The use of race within clinical decision making and treatment may reinforce disproven concepts of racial biology and exacerbate health inequities. Race continues to permeate medical teaching and clinical decision making and treatment in multiple ways, including: (1) through providers’ attitudes and implicit biases, (2) disease stereotyping and nomenclature, and (3) clinical algorithms and treatment guidelines. Racial bias among providers may contribute to poorer quality of care and worse health outcomes. Racial stereotyping of disease and use of race in clinical algorithms and treatment guidelines may lead to errors in clinical diagnosis and management (overtreatment or undertreatment and other delays in clinical care), which may perpetuate and potentially worsen health disparities. Moreover, continued use of race as a biological concept limits examination and understanding of social drivers of health inequities, including racism, and contributes to ongoing racial bias and discrimination among providers.

There have been growing efforts within the medical community to re-evaluate and revise practices around the use of race within clinical care and efforts to move towards race-conscious (as opposed to race-based) medicine. In 2020, the American Medical Association (AMA) adopted new policies to recognize race as a social construct and, as part of these policies, encourages medical education programs to recognize the harmful effects of using race as a proxy for biology in medical education through curriculum changes that explain how racism results in health disparities. In September 2020, the House Ways and Means Committee announced a Request for Information around the misuse of race in clinical care. The Agency for Healthcare Research and Quality (AHRQ) similarly announced in March 2021 a Request for Information on the use of clinical algorithms that have the potential to introduce racial/ethnic bias into healthcare delivery. A subsequent Ways and Means final report released in October 2021 found that professional societies suggest more research (with evaluation of unintended consequences of removing race correctors) is needed before decisions can be made, as a growing number of institutions have removed race from clinical calculators.
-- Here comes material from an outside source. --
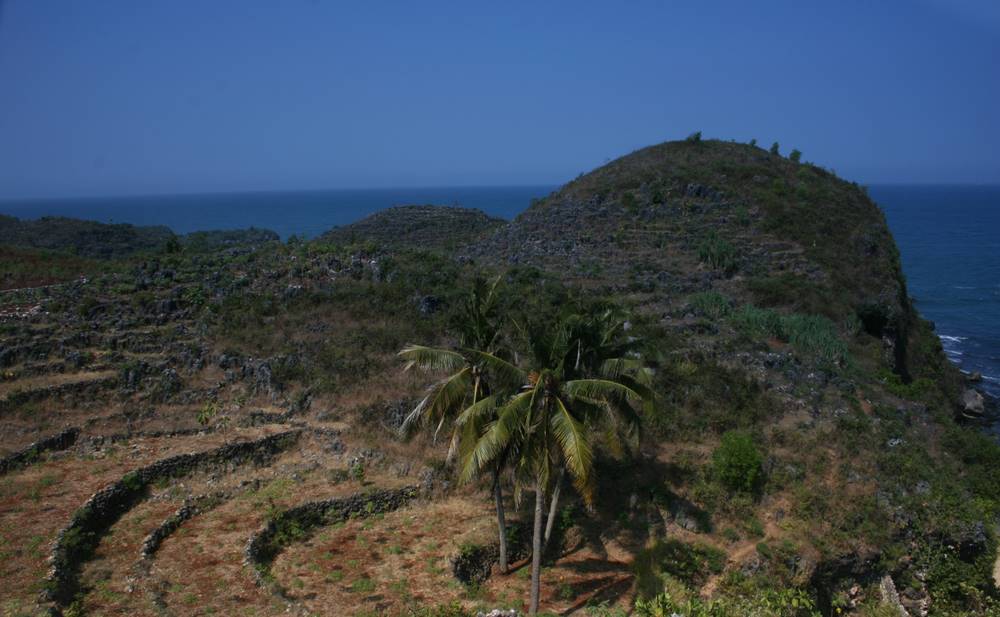 Bukit Nguyahan di Gunung Kidul.jpg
For example, in the past year-and-a-half, Mass General Brigham hospital, the University of Washington, Vanderbilt University, and NYC Health and Hospitals have all removed race corrections from kidney function estimates. The UC Davis School of Medicine also eliminated race-based reference ranges from renal function estimates, followed shortly by UCSF’s release of a new approach to estimate kidney function without race. Moreover, both the American Society of Nephrology and National Kidney Foundation have outlined approaches to diagnose kidney disease without race. In November 2021, the New York City Department of Health launched a Coalition to End Racism in Clinical Algorithms, pledging to end race adjustment in at least one clinical algorithm and to create plans for evaluation of racial inequities and patient engagement. Additionally, some commonly used medical calculators have made use of race correction factors optional, while others have removed them entirely (see Appendix Table 1). In contrast, other institutions have held off on making changes to clinical calculators or guidelines, noting potential downstream implications for other aspects of clinical care and management.

Looking ahead, continued education of health care providers and students to eliminate beliefs of biologic differences by race, improving pedagogy around distinctions between race and genetic ancestry, and reducing racial bias and discrimination will be important, as will efforts to increase the diversity of our health care workforce. Moreover, continued careful evaluation of how race factors into clinical decision-making through clinical guidelines, tools, and algorithms will be important for mitigating biased decision making, particularly as the use of artificial intelligence and machine-driven algorithms to guide clinical decisions expand.